Serra, who makes about $150,000 a year, cannot, as an elected official, be put on unpaid leave, and so has continued to receive his full pay even though he is forbidden to go to his office or any district building, except for court appearances. In his letter to Hickenlooper, Sera complained that the recent appointment of attorney Dan Hotsenpiller as the new DA by Chief Judge J. Steven Patrick is costing the district a double salary, and may be illegal.
“…Judge Patrick’s administrative order is incompatible with state law – a judicial officer selecting an executive branch officer,” he wrote.
But Serra’s resignation makes that point moot, since now that he has resigned, the governor is bound by the State Constitution to make an appointment to fill the DA’s position and rescind the appointment of Hotsenpiller, said Jim Clayton, administrator for the Seventh Judicial District.
Until the governor decides whom to appoint, the DA’s office will be run by the State Attorney General’s Office, as it was before Hotsenpiller’s appointment, Clayton said.
“With the resignation it creates a vacancy rather than an absence, which initiates the constitutional provision that the governor appoints the DA,” he said.
In his resignation letter, Serra wrote that although some people had encouraged him to remain on the job until the court case was resolved, he made the decision to resign because “a quick resolution to the underlying issues” has not occurred.
Serra’s attorney, Colin Bresee, said the court has taken three months to set a preliminary hearing, a step that usually takes only 30 days.

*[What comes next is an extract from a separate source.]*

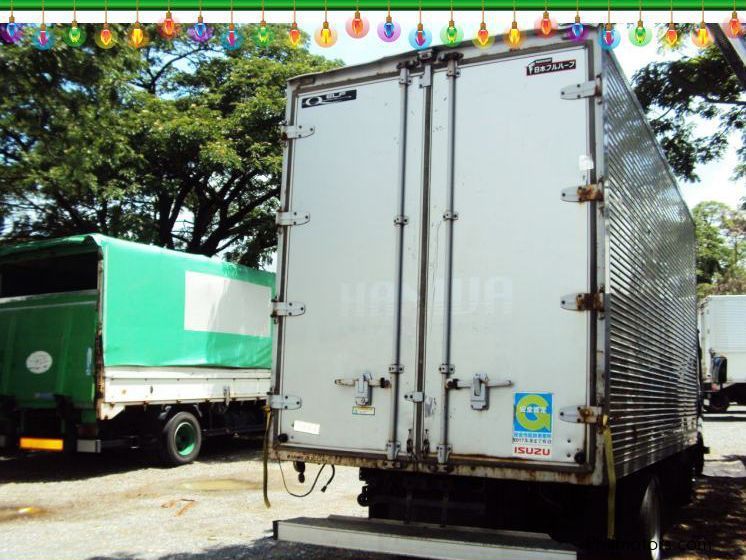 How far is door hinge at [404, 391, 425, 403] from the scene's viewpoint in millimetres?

The delay kept the defense from presenting any evidence that might have led to a reduction of charges, he said. An attempt to impeach Serra would have been better, he added.
“It would have been the best thing to have impeachment, because we would have a chance to call witnesses and get transcripts [of testimony],” Bresee said. “It would be the best thing for us. Now they’re having to have all those witnesses travel down, and look at how much it’s going to cost the taxpayers.”
According to Bresee, Serra’s concern for taxpayers prompted his resignation. Serra has tried to take an unpaid leave of absence since charges were first filed last fall, Bresee said, but “politicians are not allowed to take furlough days.”
In his resignation letter, Serra also complained to Hickenlooper that appointing Hotsenpiller as DA “excluded the entire lawyer staff of the Seventh Judicial District” and said “several lawsuits are pending” to challenge the appointment.
The preliminary hearing for Serra is set for 9 a.m. on Feb. 11; at it, only the first charge filed against him – felony unlawful sexual contact with no consent, with force or threat – will be considered, said Bresee. Court documents show that at least one of Serra’s female employees testified that she complied with his sexual advances dozens of times and did not resist, out of fear of losing her job. The woman said she complied because Serra was “always threatening to fire people.”
Bresee said he is not sure exactly what will happen at the preliminary hearing, but that the prosecution will probably make a “mini-presentation” on the case.
“We’ll have some questions on facts and details but my guess is it will be very doubtful they will have a victim testify because they’ll want to protect this person at all costs. But this isn’t about fairness,” he said.